Благодарю Вас за всё, что Вы сказали мне хорошего, благодарю Вас и за то, что искренне мне поверили. Так, что мне кажется, я Вашим письмом выросла и повзрослела. Я не спала целые ночи и думала о Вас и Вашей вере в то, что чистая женщина вернёт и Вам чистоту чувств. Дорогой друг, человек, который пишет так мило, как Вы, наверное — неплохой человек? Вы правы, я ещё наивная маленькая девочка — но не во всём и не всегда, мой друг. Я приняла Вас и поняла. И приняла и поняла, почему меня держали в неведении. Для того, чтобы я в своём огромном голоде на любовь и вере в чистоту мужчин, не проглотила бы и такого, который был бы тяжким бременем в другом. Человек, который не знал богатства, легко согласится со своей бедностью, голодному достаточно куска чёрствого хлеба, а воздыхающей о любви, наивной девочке легко может понравится первый мужчина, которого ей порекомендуют близкие. Кто будет заботится о том, чтобы я  была счастлива, когда у меня откроются глаза на мужа? Только если сама буду достаточно добродетельной, чтобы не нашла любовника, правда ведь? Видите ли, мой друг, я не хотела ничего горького написать, ничего, что бы Вас могло обидеть. Но не я виновата в этом. Я чувствую себя так, будто на моей нравственности спекулируют. Как низко, что я должна подавлять свои мечты, пыл страсти, желания, подавлять трепет своего сердца и крик своей души, которая гласит, что она молода, и всё это только ради того, чтобы какой-нибудь опотребованный надутый пижон признал меня за девушку из хорошей семьи.
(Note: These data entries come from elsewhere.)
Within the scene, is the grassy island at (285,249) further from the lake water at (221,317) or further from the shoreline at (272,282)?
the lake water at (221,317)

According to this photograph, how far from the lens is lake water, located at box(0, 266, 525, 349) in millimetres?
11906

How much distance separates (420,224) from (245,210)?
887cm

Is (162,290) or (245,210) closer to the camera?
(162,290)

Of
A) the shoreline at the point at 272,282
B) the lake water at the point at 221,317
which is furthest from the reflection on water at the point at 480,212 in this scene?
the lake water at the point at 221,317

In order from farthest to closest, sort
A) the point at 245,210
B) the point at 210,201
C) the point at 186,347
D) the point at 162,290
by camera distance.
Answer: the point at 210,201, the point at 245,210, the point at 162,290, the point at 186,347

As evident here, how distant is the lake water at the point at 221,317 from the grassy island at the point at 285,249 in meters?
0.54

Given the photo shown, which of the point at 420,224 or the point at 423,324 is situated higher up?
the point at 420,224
   Ради этого я не должна целоваться, хотя чувствую желание?

   Ради этого я должна опустить глаза, когда хотела бы смотреть, видеть и погрузить свою душу в глаза другого человека, которые меня привлекают, манят и поглощают?
   Я должна быть белой овечкой, которая снимает грехи?

   Нет! Я тоже хочу жить, имею на это право, я молода, жажду любви, я ещё не хочу скучного мужа, мне достаточно парня, молодого ровесника, неопытного, как и я, без положения в обществе, без капитала — позже я ещё могу быть привлекательной для мужа, которого найдут мне мои тётки.

   Нет, друг, благодарю.

   Напротив нас живёт студент, который часто бросает на меня огненные взоры. Я до сих пор не знаю, чего он хочет. Я не люблю его, но он мне нравится. Иду к нему. Я ещё буду когда-нибудь действительно достаточно хорошей женой в каком-нибудь шестом классе табели о рангах.
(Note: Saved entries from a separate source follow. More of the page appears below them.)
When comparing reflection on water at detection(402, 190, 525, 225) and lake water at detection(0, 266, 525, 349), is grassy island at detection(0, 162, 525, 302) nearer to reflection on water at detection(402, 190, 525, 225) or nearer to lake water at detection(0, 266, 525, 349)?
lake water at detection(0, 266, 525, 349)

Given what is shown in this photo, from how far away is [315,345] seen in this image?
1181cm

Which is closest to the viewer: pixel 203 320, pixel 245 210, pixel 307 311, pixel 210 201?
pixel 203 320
   Ваша Мга за мною и т.д.



   Друг, клянусь Вам, я ничего этого не осуществила.
 
   Никуда я не пошла. Ей-богу! Студента, о котором я писала, просто не существует. 
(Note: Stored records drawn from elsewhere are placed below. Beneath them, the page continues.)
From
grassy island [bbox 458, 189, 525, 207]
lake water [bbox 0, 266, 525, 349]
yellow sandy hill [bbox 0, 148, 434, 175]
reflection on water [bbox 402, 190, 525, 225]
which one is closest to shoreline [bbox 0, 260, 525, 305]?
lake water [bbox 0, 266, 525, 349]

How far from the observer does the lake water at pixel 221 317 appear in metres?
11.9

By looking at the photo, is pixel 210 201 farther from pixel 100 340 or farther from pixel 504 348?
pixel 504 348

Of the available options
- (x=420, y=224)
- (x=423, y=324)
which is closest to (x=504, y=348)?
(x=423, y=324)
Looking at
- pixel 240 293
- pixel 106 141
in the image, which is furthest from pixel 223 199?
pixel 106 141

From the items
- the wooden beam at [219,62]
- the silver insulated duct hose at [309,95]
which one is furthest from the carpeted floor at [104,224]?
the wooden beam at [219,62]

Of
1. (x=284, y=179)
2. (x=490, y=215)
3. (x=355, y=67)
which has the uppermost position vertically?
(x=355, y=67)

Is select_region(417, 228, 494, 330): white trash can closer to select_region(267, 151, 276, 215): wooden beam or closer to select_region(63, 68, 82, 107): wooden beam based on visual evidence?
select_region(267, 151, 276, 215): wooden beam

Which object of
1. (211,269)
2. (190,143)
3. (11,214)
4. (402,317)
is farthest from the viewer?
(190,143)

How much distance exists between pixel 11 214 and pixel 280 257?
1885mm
   То письмо сочинила моя подруга, которая прочла нашу с Вами переписку, и сказала, что я пишу, как гусыня. Не сердитесь, пожалуйста, на меня, что я посвятила в нашу тайну третье лицо. Мне и правда очень жаль, потому что я с удовольствием переписывалась с Вами, и ни о чём другом и не думала. Но она сказала мне, что если я пошлю Вам письмо, которое она мне продиктовала, — Вы тут же влюбитесь в меня и мгновенно пригласите на свидание. Но я с Вами ни за что на свете не хочу встречаться, я стыдилась бы Вас, потому что всё время бы вспоминала бы о том, что мы друг другу понаписали. Пожалуйста, уж не пишите мне. Думаю, что я действительно гусыня. Всё равно Вы это поймёте, потому что письмо это я не дам никому исправлять. Клянусь Вам, что я ничего не совершила. Я жажду любви и поцелуев, это правда, но, клянусь Богом — я не такая — Вы знаете. Вы мне нравились, я с нетерпением ждала Ваши письма, но теперь мне стыдно перед Вами.

   Уж не пишите мне.

   С богом, мой добрый незнакомый друг.

   Ваша Мга за мною, мга предо мною.